"You're crazy," I replied. "It's just a nice hotel."
"Did you see the bathroom? It's see-through."
"First of all, that's a bad photo, and secondly, in what universe is a see-through bathroom sexy? You're insane," I said, resting my case.
My co-worker Matthew and I were rooming together at the American Library Association's annual conference in Washington, D.C. The W hotel was giving cheap rates, but that rate would be even cheaper with two thrifty guys sharing a room.
The week before the conference we'd crack jokes about the see-through bathroom, with me insisting that there was no such thing, and even if there was, no one would want a see-through bathroom anyway.
I arrived in D.C. first. I couldn't check in til afternoon, so I spent the day wandering through the Smithsonian. It was cool visiting alone because I could spend as much time as I wanted checking out certain things while ignoring boring stuff.
"Oh, the history of commercial aircraft? ZZZZZZZZZ. Hey, look! Spaceships and WWII planes!"
People had warned me about D.C.'s heat, but as a native Floridian, I didn't pay too much attention. Hell, I grew up in humidity and heat. Maybe I'd run a marathon up there just to show everyone.
They were right. August in D.C. is no joke. It didn't help that I was carrying around all my clothes in an overstuffed messenger bag like a homeless person.
So I was more than ready to check in to the W. And yeah, it's a super-nice place. Great bar up on the roof with a view of the Capitol Building so you can pretend you are in the beginning of an action movie, lots of amenities and ....holy crap. See-through bathrooms. Yep. There's a toilet, a shower, a sink, all out there in front of God and everyone.
Shit. Matthew was right.
By the time I was in high school, group showers were a thing of the past, which was just fine by me. In the years since I had seen more male anatomy than I cared to, thanks to tricks like Hanging Brain or the Minnesota Wristwatch . But these were parlor tricks performed by degenerates that an upstanding lady or gentleman could simply ignore.
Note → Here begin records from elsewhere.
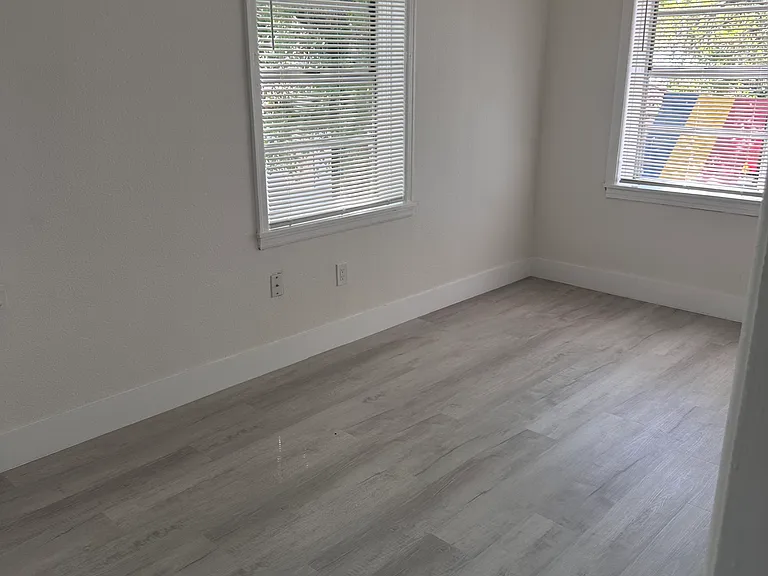 303 W Emma St #1/2 — Photo 8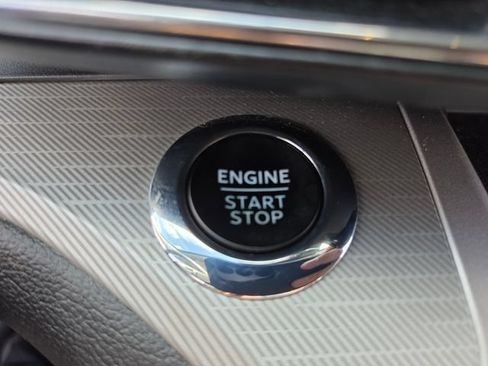 Used 2023 Ford Explorer XLT w/ Equipment Group 202A RWD image 32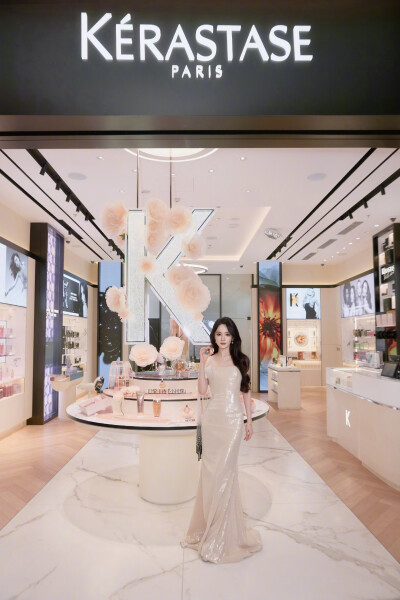 杨幂/巴黎卡诗全球品牌代言人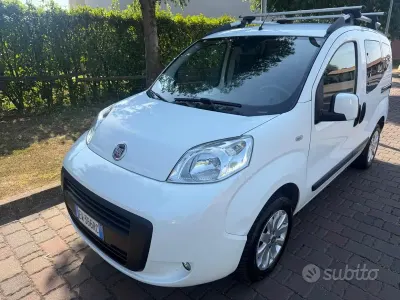 Usata Fiat Qubo Trekking 70 CV (51 kW) 2014 Bianco Monovolume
I was going to have to like, shower and use the bathroom in clear view of another human being for a whole three days.
I have a confession to make. While I am a fellow who appreciates occasional off-color or bawdy talk, I'm a total prude when it comes to bathroom matters. I close the bathroom door when I'm at home alone. That scene in Bridesmaids where everybody's all shitting in the street? Gross. The term "Brainfart?" Gross, and probably my most hated phrase.
I had no problem changing in front of another guy, or sleeping in the same bed with him, but having to sit on the toilet while he was a few feet away watching cable? I would rather run a marathon in the D.C. heat, provided I had a private place to shower afterwards.
"Well, I'll be damned.'" I said. "You were right." Looking at Matthew's face, I could tell that he didn't really want to be right.
Luckily, my roommate was as genteel and refined as myself, so throughout the three day conference we made elaborate plans to make sure the other was far away or deep asleep or roofied before showering or using the bathroom. Because we were very cultured, we never actually talked about this, we just sort of worked it out without resorting to anything as crass as communication.
We were able to survive the weekend, but the incident leaves me with questions. First, who thought that was a good idea? How many architects and designers and planners had to OK a clear bathroom? Were we really in the Honeymoon Suite? What new bride or groom wants to see that? Save some mystery, people. And more importantly, I wonder if the statute of limitations has run out on suing for emotional distress and how much can I ask for.